Depuis, l'histrion continue ses réalisations. Avec un petit appui financier de 6rooms.com - équivalent d'un YouTube chinois - et un système D de chaque instant, Hu continue de vivre de ses petits films.

«Les acteurs sont des amis ou des amis d'amis. Je ne gagne pas beaucoup mais assez pour vivre», résume-t-il, philosophe, en attendant que des projets plus concrets se débloquent.

Son dernier film, sorti en janvier, ne dément pas sa popularité sur le web. «007 contre l'Homme en noir», qui évoque un royaume imaginaire ressemblant fortement à la Corée du Nord de Kim Jong-il, a déjà totalisé plus de 10 millions de spectateurs sur 6rooms.com, sans compter les reprises sur d'autres sites.

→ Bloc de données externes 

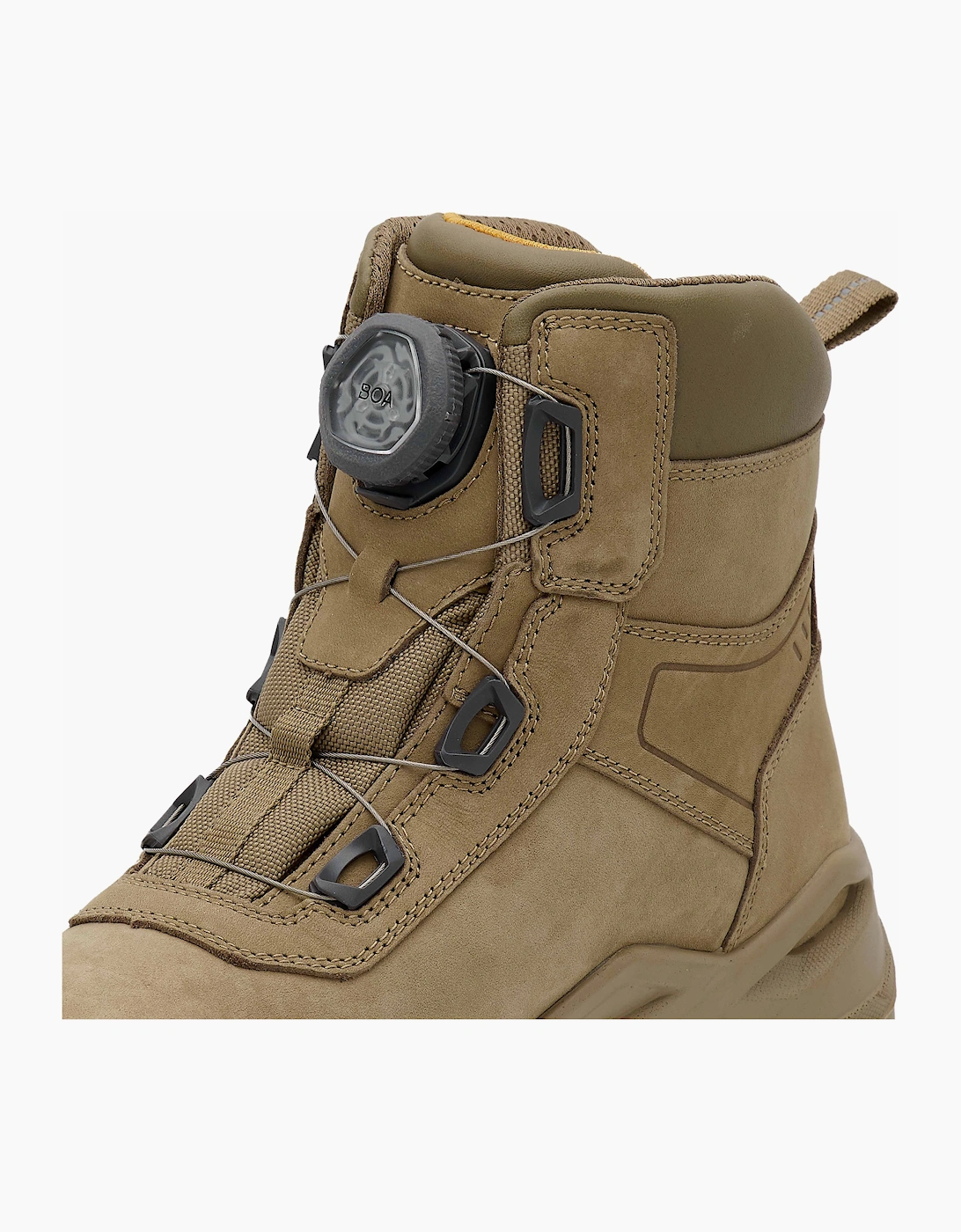 Dewalt LANDER Mens Safety Boots Stone, 4 of 3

Hu Ge n'est pas seul. Les Back Dormitory Boys, parodie du groupe américain Back Street Boys, ont acquis leur notoriété depuis leur chambre d'étudiants de l'école des Beaux-Arts de la province du Guangdong (sud). Huang Yixin et Wei Wei ont posé une webcam sur leur bureau devant laquelle ils avaient pris l'habitude de parodier des tubes de variété.

Ils auraient récemment signé un contrat de cinq ans avec l'agence pékinoise Taihe Rye Music, selon le China Daily.

La figure d'un stagiaire pompiste, surnommé Xiaopang (littéralement «petit gros») a elle aussi agité la toile, au gré des montages photo qui la collaient sur toutes les affiches de films hollywoodiens en remplacement de Leonardo di Caprio et autres stars. Récemment «Xiaopang» est devenu une vedette, multipliant les interviews aux médias nationaux et étrangers.

Pour Gu Jun, professeur de sociologie à l'Université de Shanghai, «l'egao correspond à un nouveau style de vie pour les jeunes. C'est la seule façon qu'ils ont de s'exprimer. Et les blogs répondent à cette même définition. C'est un nouveau moyen d'expression qui permet aux jeunes Chinois d'atteindre le plus large public possible».

Face à la montée de l'utilisation de l'Internet, les autorités n'ont pas d'autres choix que d'ouvrir le réseau, tout en resserrant paradoxalement les contrôles.

«Les blogues permettent aux gens d'exprimer leurs idées mais aussi de les tester. Ils ont un impact fondamental sur le développement de la démocratie et de la société civile», résume Xia Xueluan, professeur de sociologie à l'Université de Pékin.